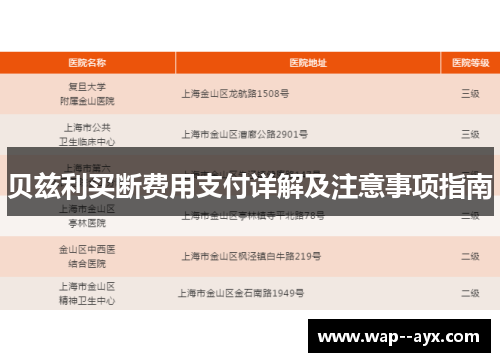 贝兹利买断费用支付详解及注意事项指南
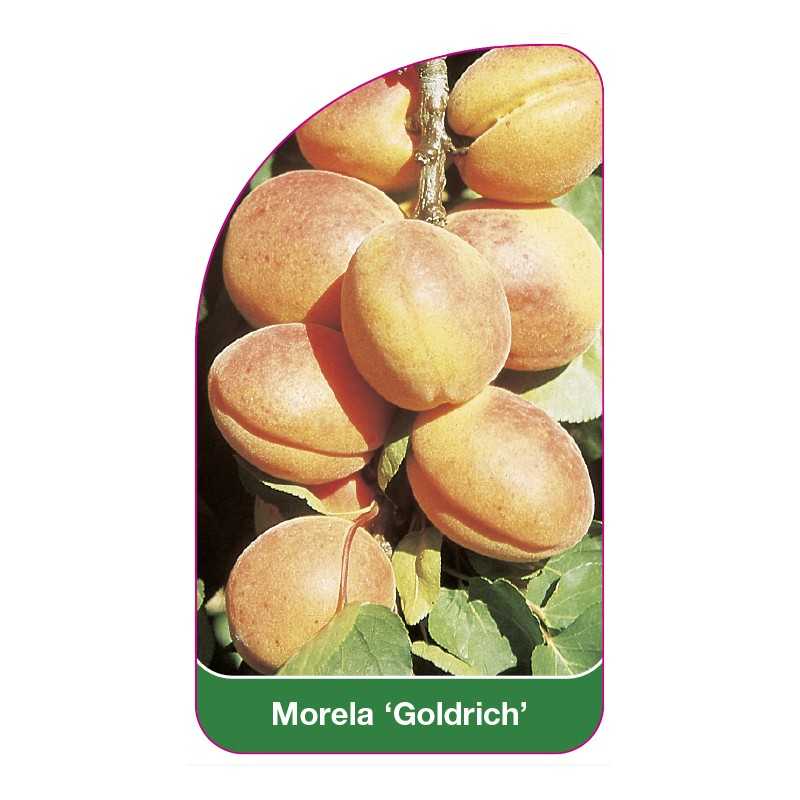 morela-goldrich-1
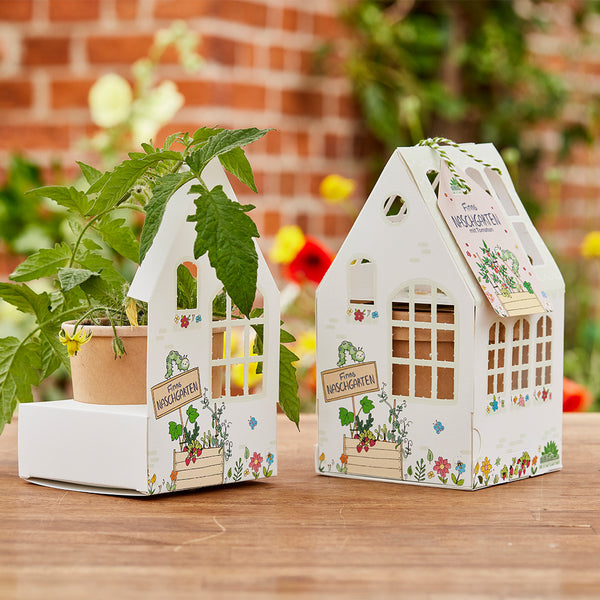 Zwei kleine, hausförmige Verpackungen mit der Aufschrift "Finns Naschgarten", eine davon enthält eine Pflanze im Topf, im Hintergrund unscharfe Blumen und eine Backsteinmauer.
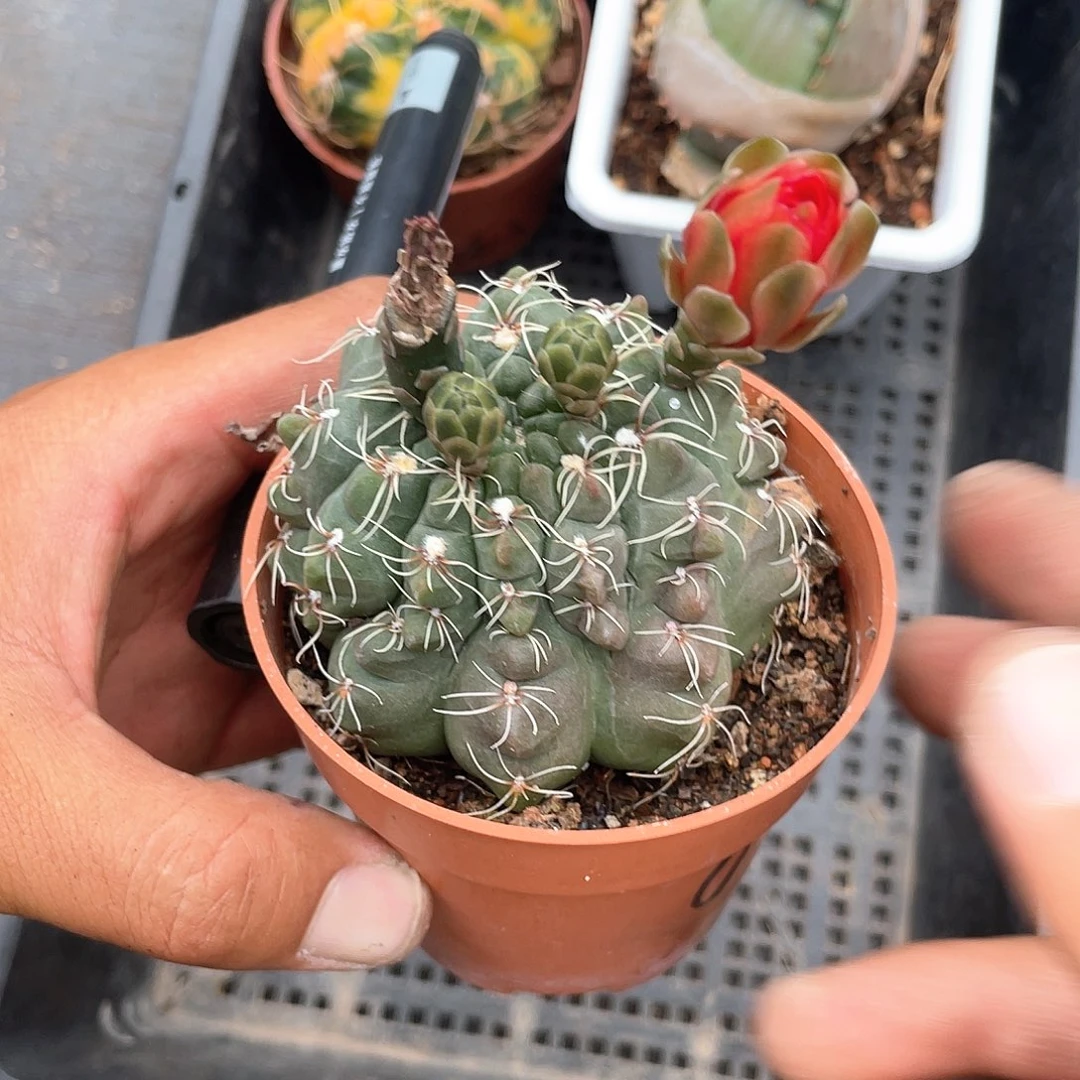 兰***小课非花玉带盆发货
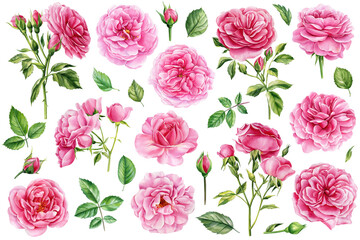 Pink flowers. Rose, buds and leaves. Set of elements, roses greeting card watercolor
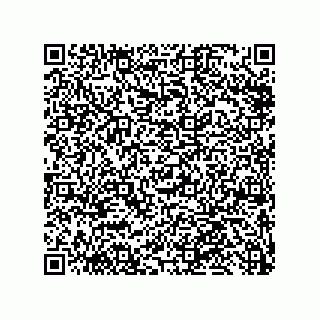 vCard 79810000296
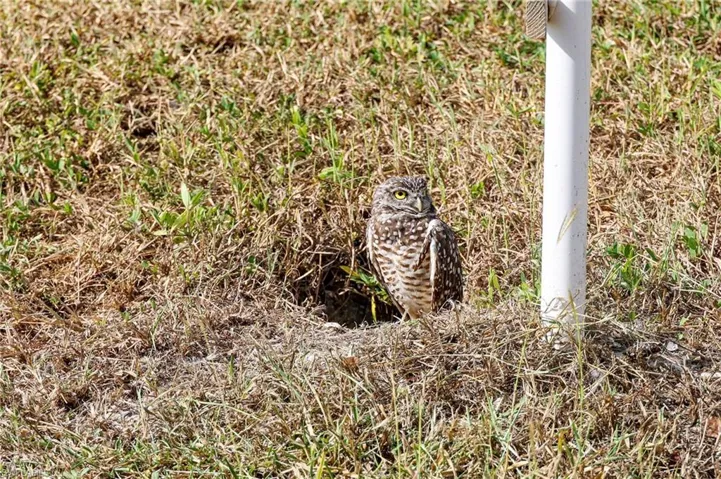 2 burrowing owls are nested on front yard.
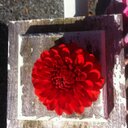 Karen Slusher - @ksslush - Twitter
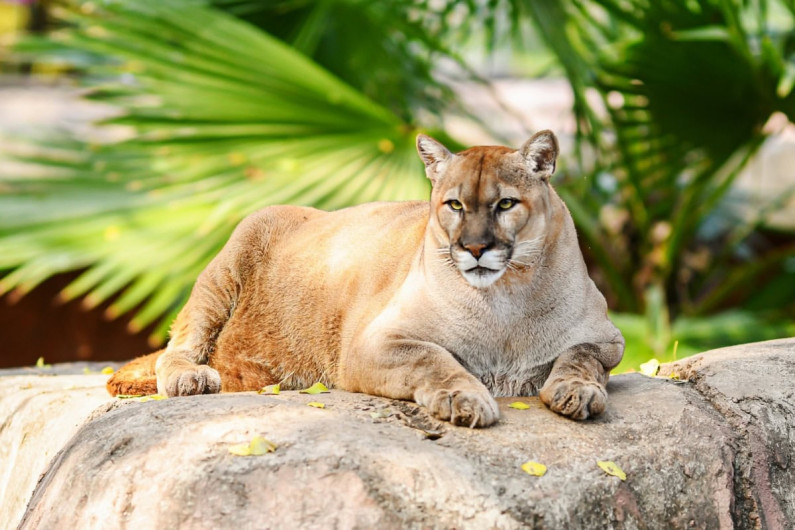 Buscan renovar experiencia del Zoológico Tamatán con nuevas especies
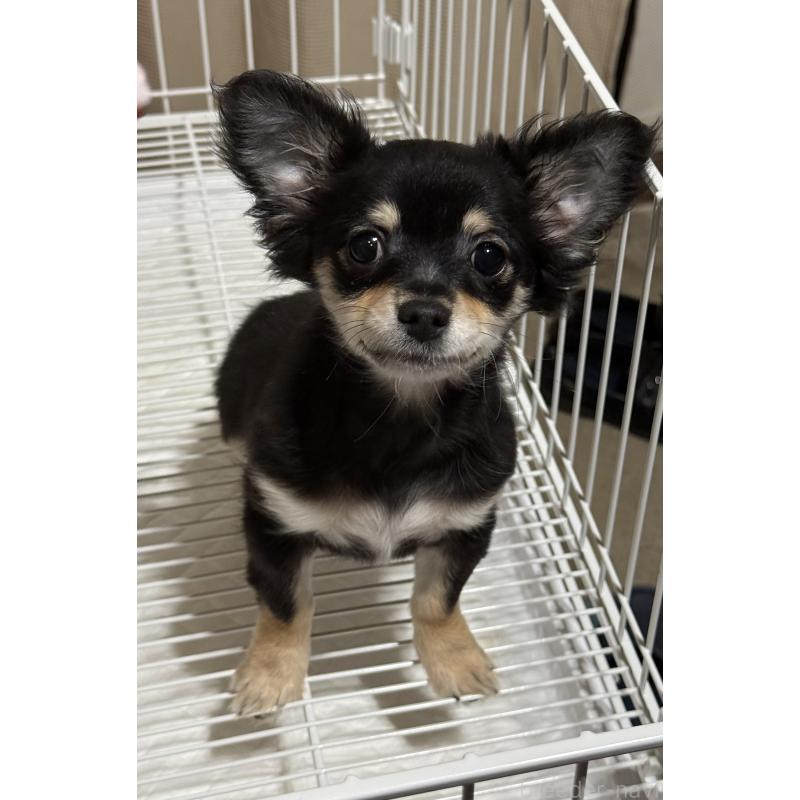 販売中の茨城県のチワワ(ロングコート)-423357の3枚目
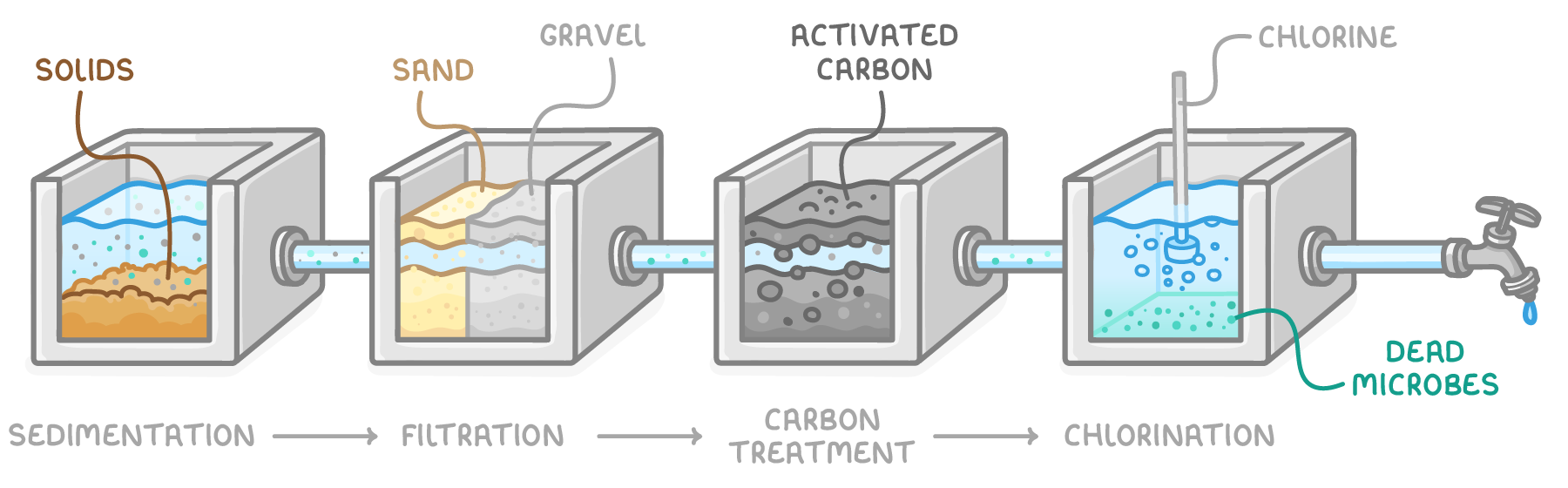 Four tanks piped to a tap, labelled sedimentation, filtration, carbon treatment and chlorination, showing settled solids, sand and gravel layers, a bed of activated carbon, and chlorine leaving dead microbes.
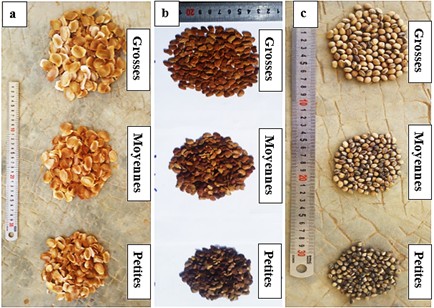Plants Vigoureux de Bois de Vène, de Caïlcédrat et de Néré p…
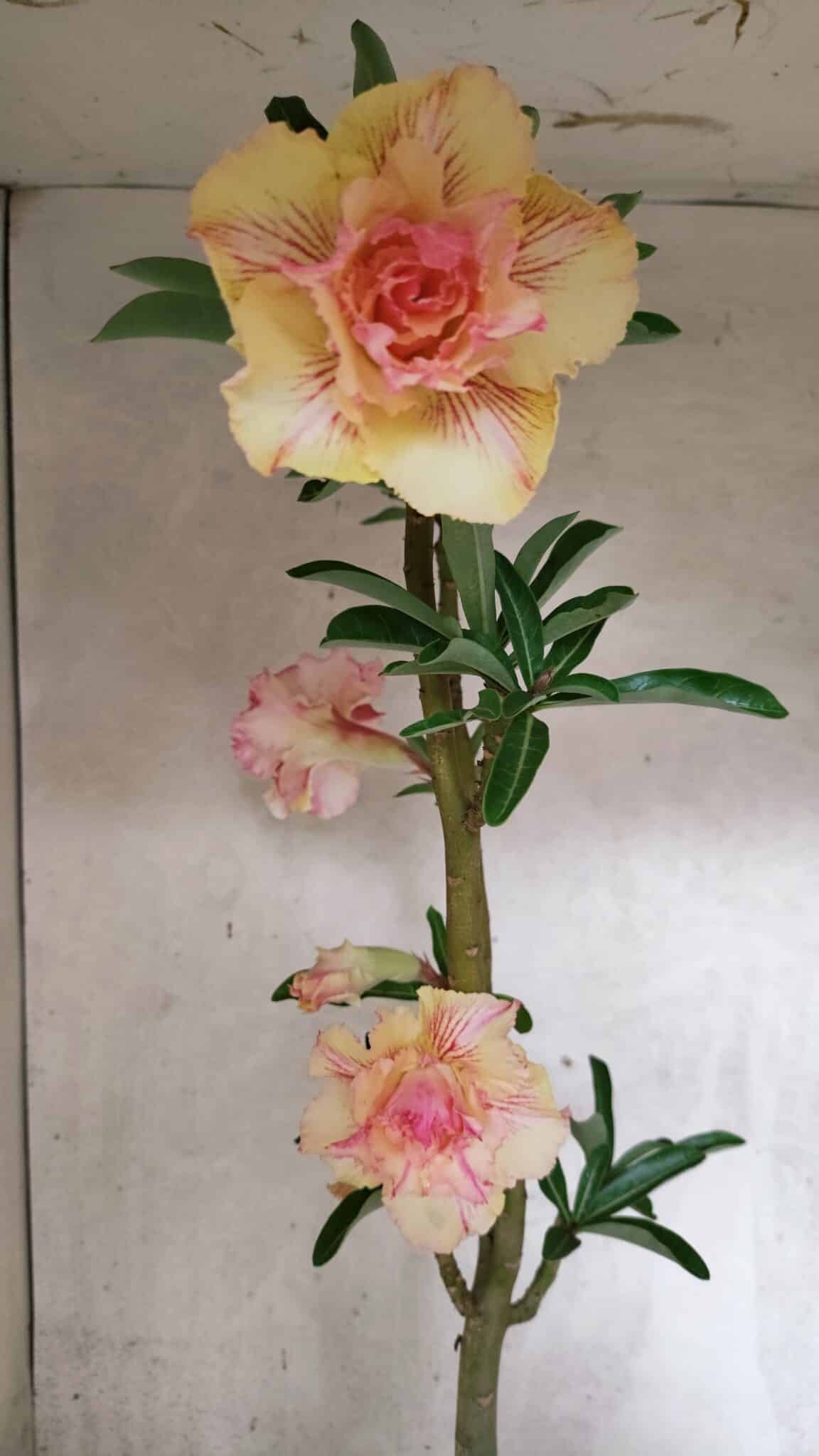 Planta Dobrada 3770 – 35cm – 03 anos - foto 5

━━━━━━

● **YOUR ASSIGNMENT**: Would you copy out every entry above word for word, without the pictures?

● **SOLUTION FOR THIS TASK**:
 贝兹利买断费用支付详解及注意事项指南
 morela-goldrich-1
 Zwei kleine, hausförmige Verpackungen mit der Aufschrift "Finns Naschgarten", eine davon enthält eine Pflanze im Topf, im Hintergrund unscharfe Blumen und eine Backsteinmauer.
 兰***小课非花玉带盆发货
 Pink flowers. Rose, buds and leaves. Set of elements, roses greeting card watercolor
 vCard 79810000296
 2 burrowing owls are nested on front yard.
 Karen Slusher - @ksslush - Twitter
 Buscan renovar experiencia del Zoológico Tamatán con nuevas especies
 販売中の茨城県のチワワ(ロングコート)-423357の3枚目
 Four tanks piped to a tap, labelled sedimentation, filtration, carbon treatment and chlorination, showing settled solids, sand and gravel layers, a bed of activated carbon, and chlorine leaving dead microbes.
Plants Vigoureux de Bois de Vène, de Caïlcédrat et de Néré p…
 Planta Dobrada 3770 – 35cm – 03 anos - foto 5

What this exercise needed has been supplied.